* **Exercise details**
Extract the stretch of lines that starts at the line with "CC FW 25/26" and ends at the last line of the data below. Give it exactly, without pictures.

+++ Data section +++

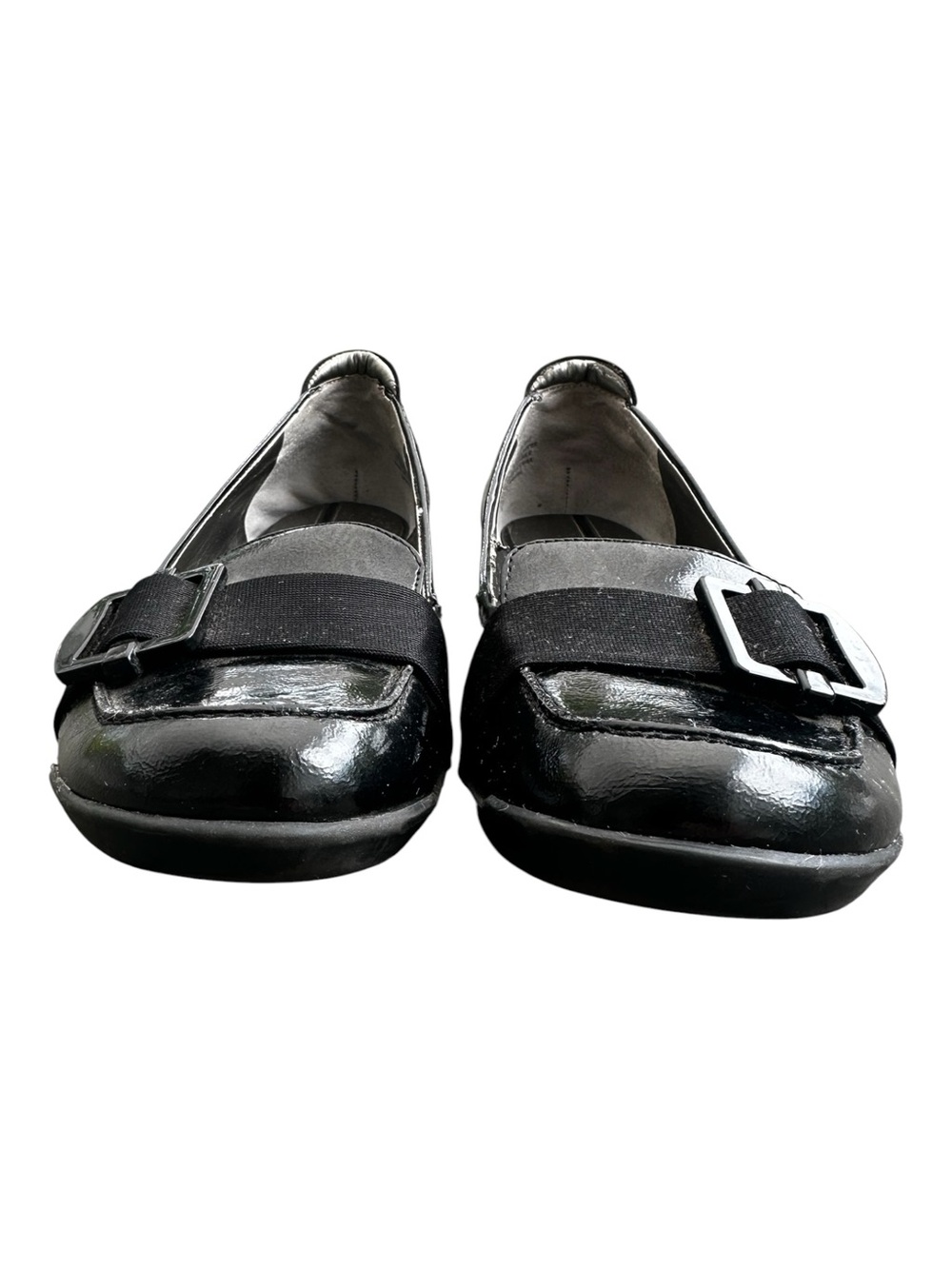Kenneth Cole Reaction Aces Wild Black Patent Buckle Loafers 9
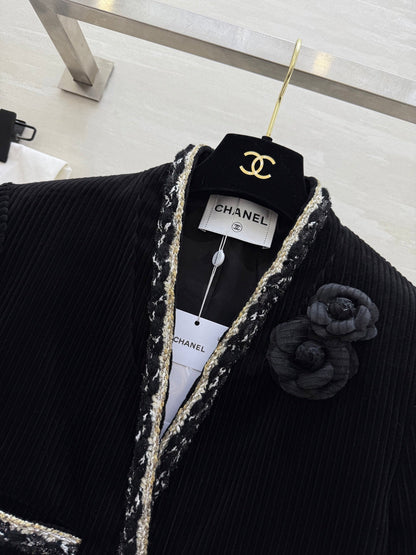 CC FW 25/26 Corduroy Jacket Black White Tweed 343352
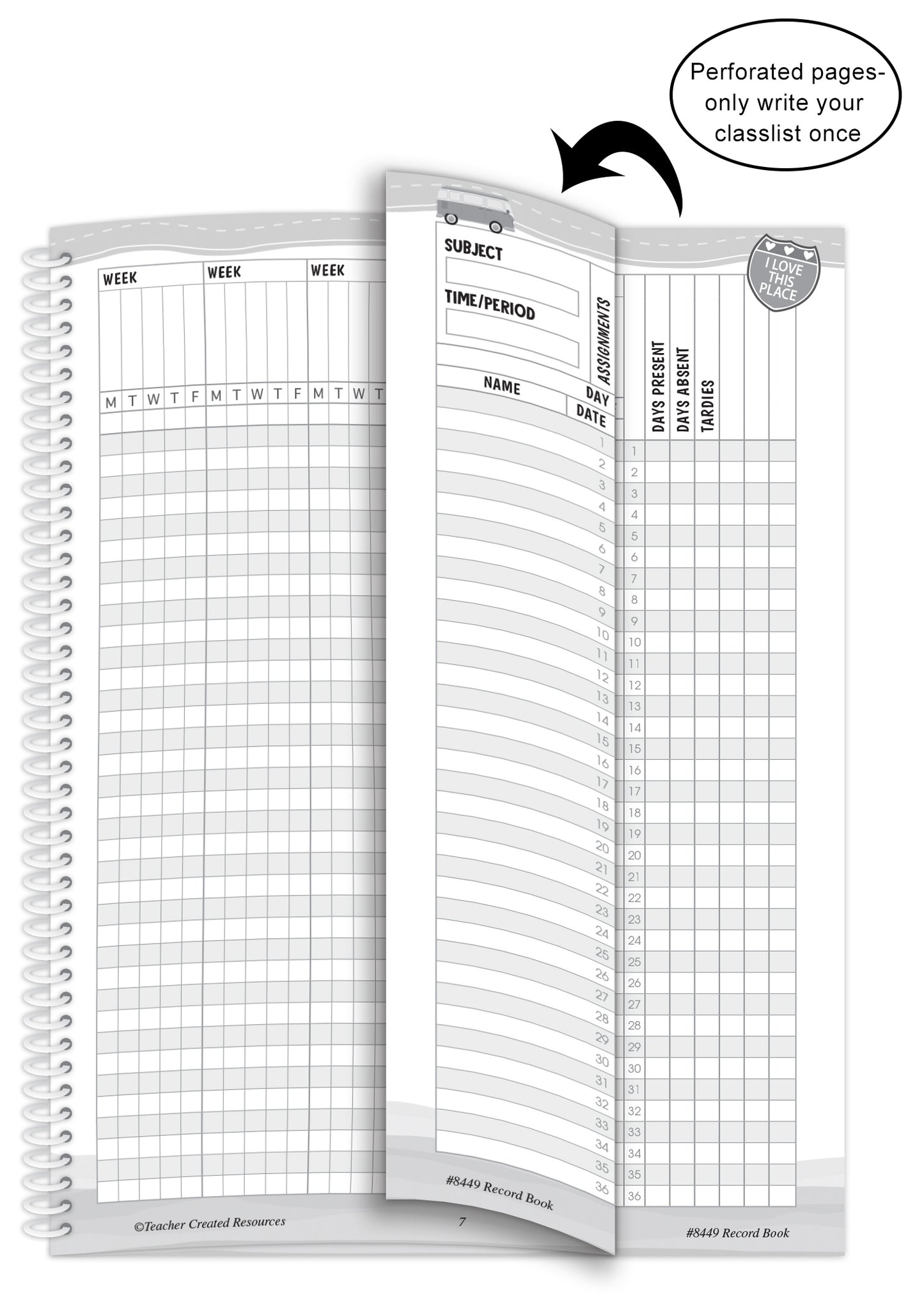 Moving Mountains Road Trip Record Book
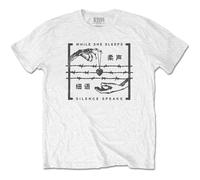 While She Sleeps - T-Shirt # XXL White Unisex # Silence Speaks [Import]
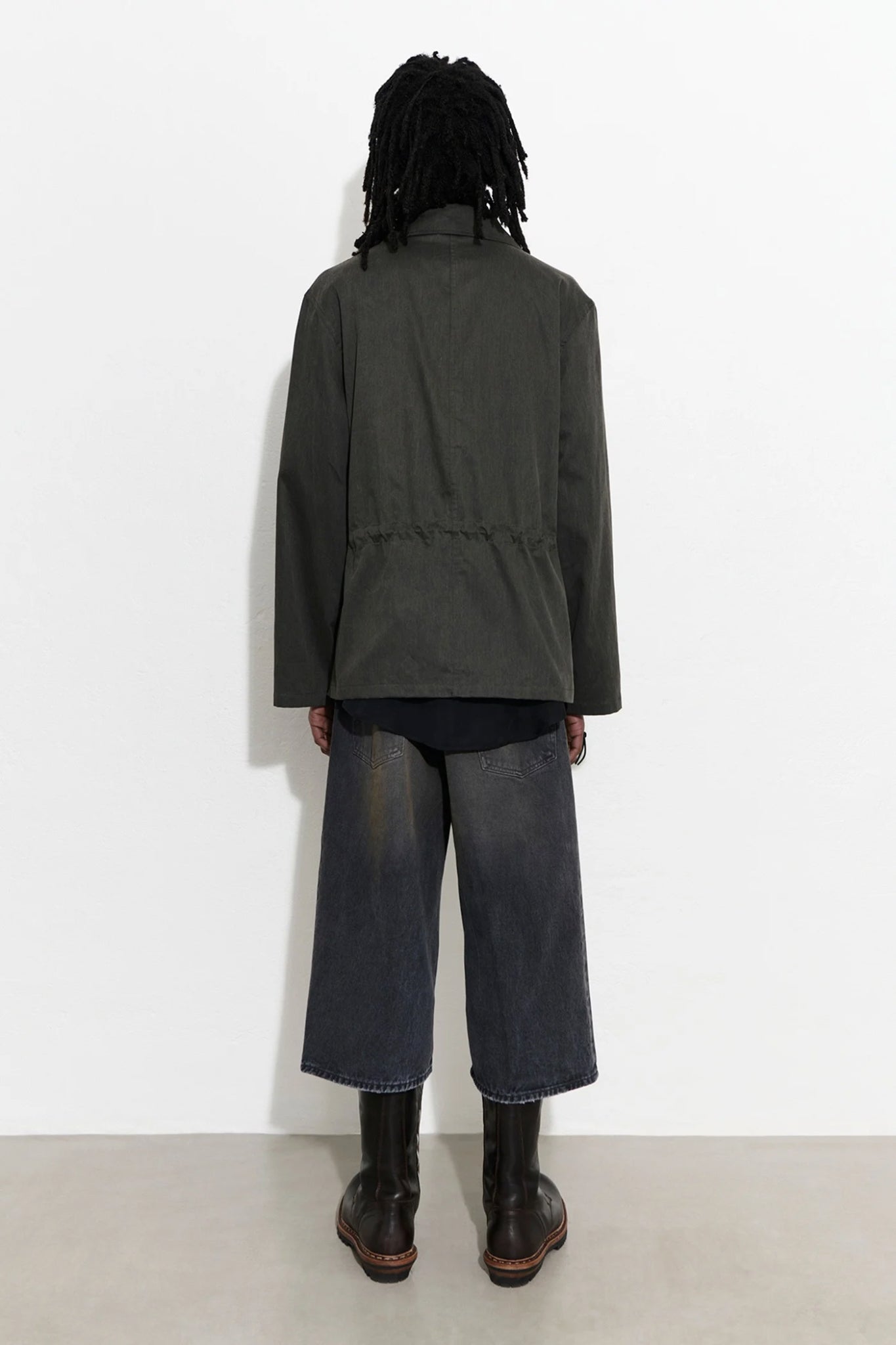 UNITY JACKET Antique Mudd Coated Sateen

+++

* **Exercise result**
 CC FW 25/26 Corduroy Jacket Black White Tweed 343352
 Moving Mountains Road Trip Record Book
 While She Sleeps - T-Shirt # XXL White Unisex # Silence Speaks [Import]
 UNITY JACKET Antique Mudd Coated Sateen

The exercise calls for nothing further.